# Luggage rack for a Pashley Picador Tricycle?



## billymac (20 Oct 2009)

Hello I am new to CycleChat, so hello all!

I have 2 young children and have decided to start cycling to places with them. I have been researching the best method of doing so and cost wise and stability I have decided to opt for a Pashley Tricycle with child seats. As someone wrote on this site, the child seats are as rare as hen's teeth! Yes they are but luckily I have managed to find some, I also have found a reasonably priced tricycle but I am short of the missing link - the luggage rack that fits everything together. 

So to cut a long story short does anyone have one lying about that they no longer need as I am desperate! Or does anyone know of a place that sells second hand tricycle pieces and I could contact them directly.

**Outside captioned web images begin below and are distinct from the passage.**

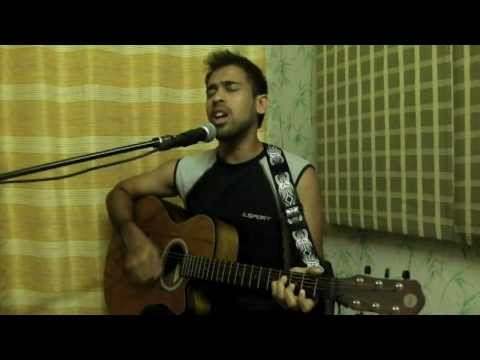Kabira | Yeh Jawaani Hai Deewani(Cover Unplugged) Saurabh S
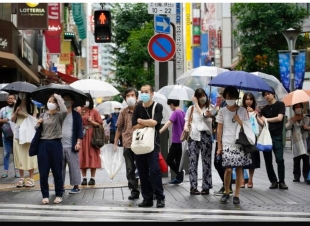 الصحة العالمية: أكثر من ربع مليون إصابة بكورونا في العالم اليوم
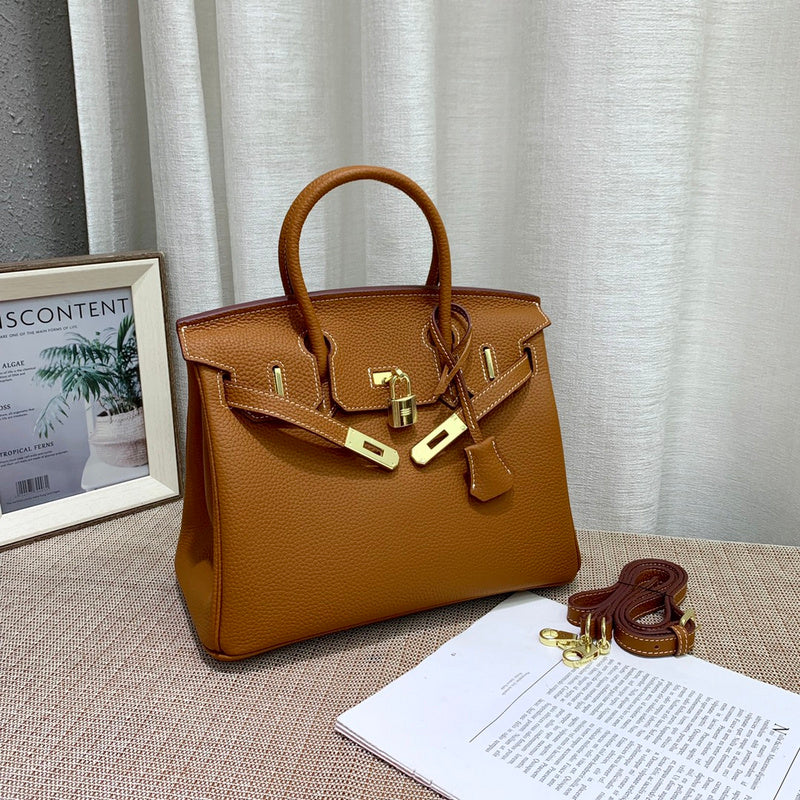 Amelia- HRMS LUXURY BAGS - 455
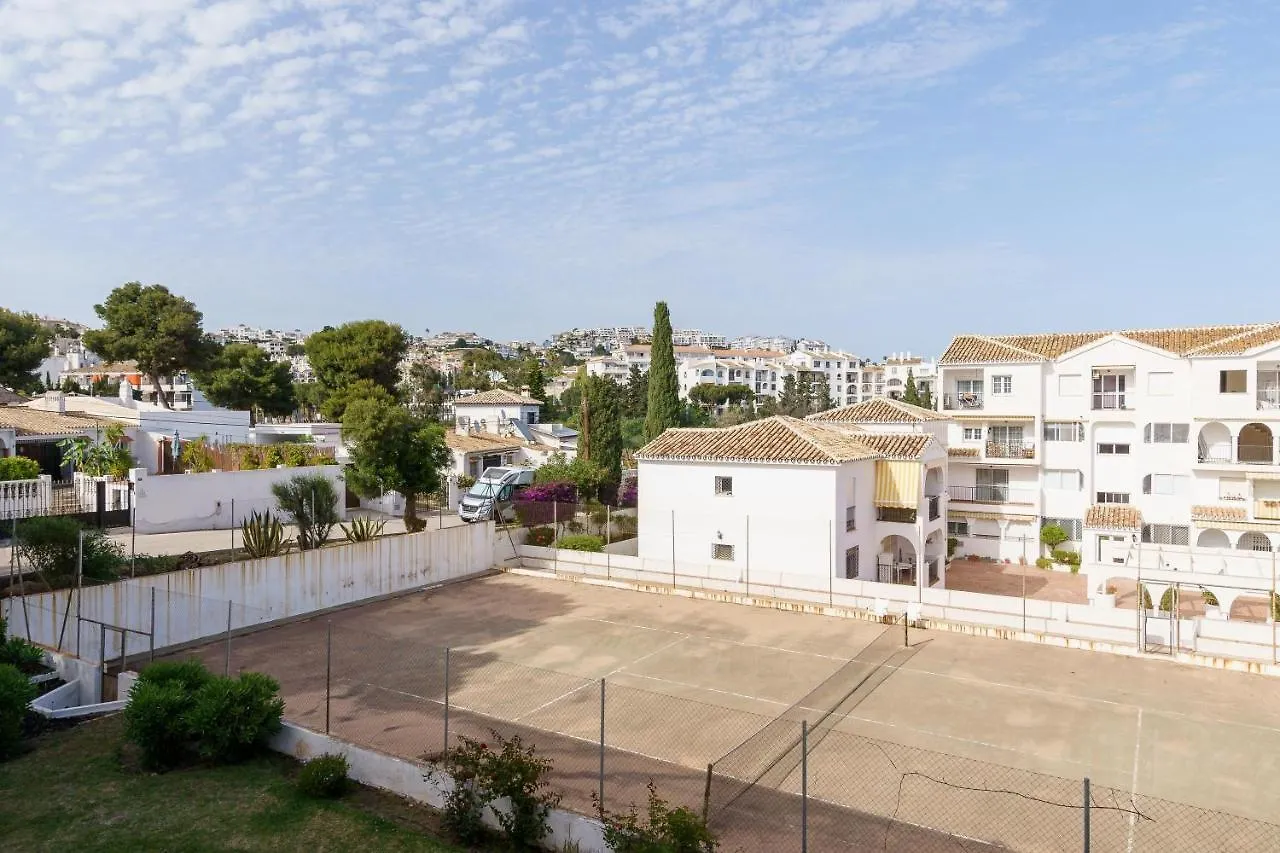 Calypso Apartment Sitio de Calahonda
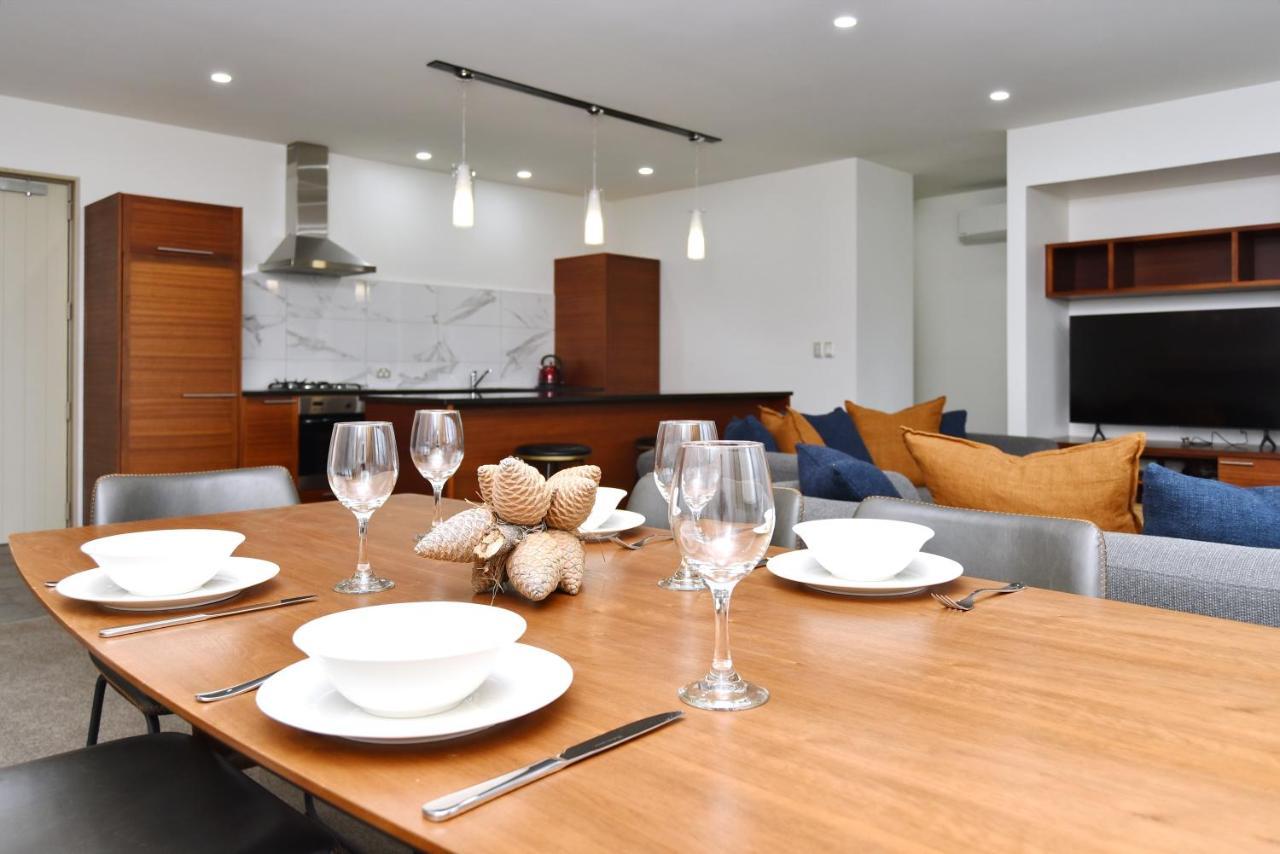 High Country Villa 250 - Terrace Downs Windwhistle Екстер'єр фото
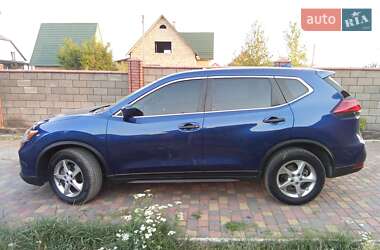 Ціни Nissan Позашляховик / Кросовер в Сарнах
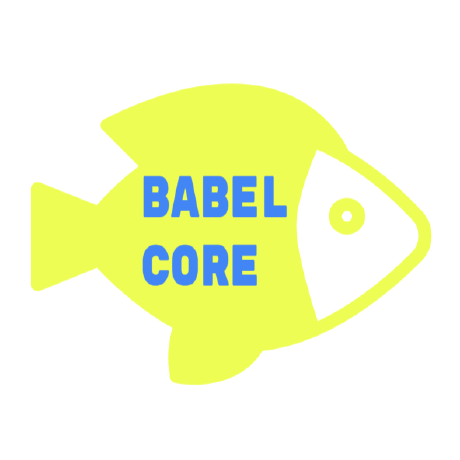 Github Pfouto Babel Core - Light Design Collection - Ultra HD Quality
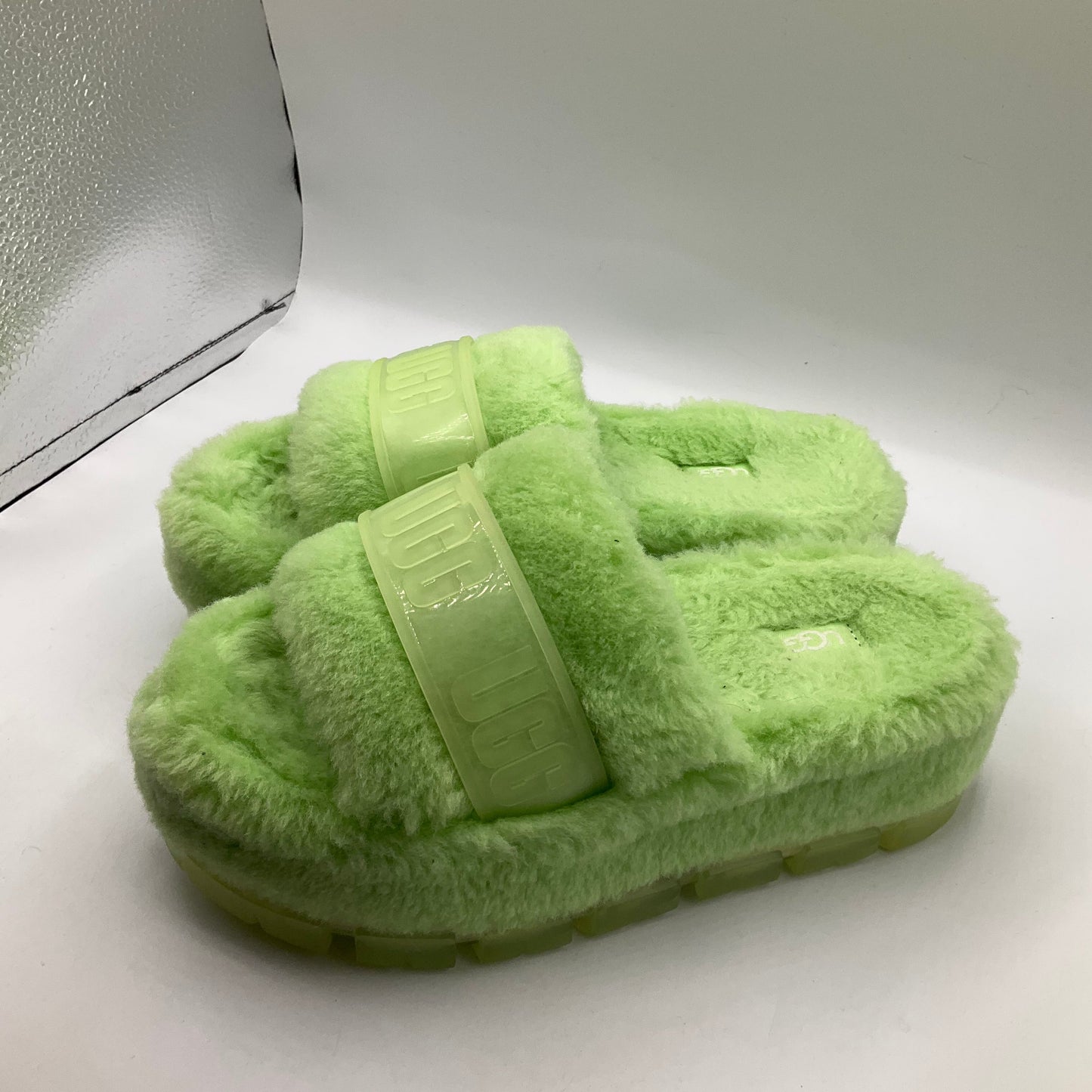 Slippers By Ugg In Green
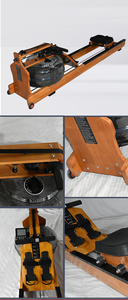 <span class=keywords><strong>Rameur</strong></span> à air <span class=keywords><strong>Rameur</strong></span> à eau portable <span class=keywords><strong>Rameur</strong></span> multifonctionnel Entraîneur Cardio Équipement <span class=keywords><strong>de</strong></span> <span class=keywords><strong>perte</strong></span> <span class=keywords><strong>de</strong></span> <span class=keywords><strong>poids</strong></span> Gym à domicile - Product Image 4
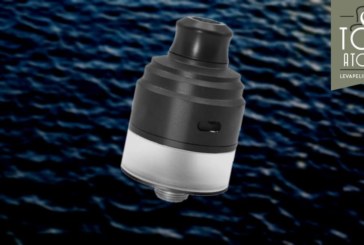 Hala RDTA par Gas Mod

I look forward to sharing your knowledge. x


----------



## billymac (2 Nov 2009)

*Pashley tricycle child seats*

I posted asking if anyone had a luggage rack for a Pashley tricycle as I had found 2 child seats for sale. As I could not find a luggage rack anywhere so I have since bought a second hand tricycle with everything I needed and so did not buy the child seats, much to the owners disappointment. They are to date still for sale and as a number of people have looked at my thread I know there is interest and I would like to help out the couple who are selling them. The link to the advert is http://oxford.gumtree.com/oxford/20/44645720.html and hopefully this will work. Good luck.

I am now getting excited about trying out my new tricycle as it is due to arrive tomorrow and I have never ridden one before! More than a little nervous!!!


----------



## harrison nall (24 Jun 2010)

I have the seats and the rack offer me a price?


----------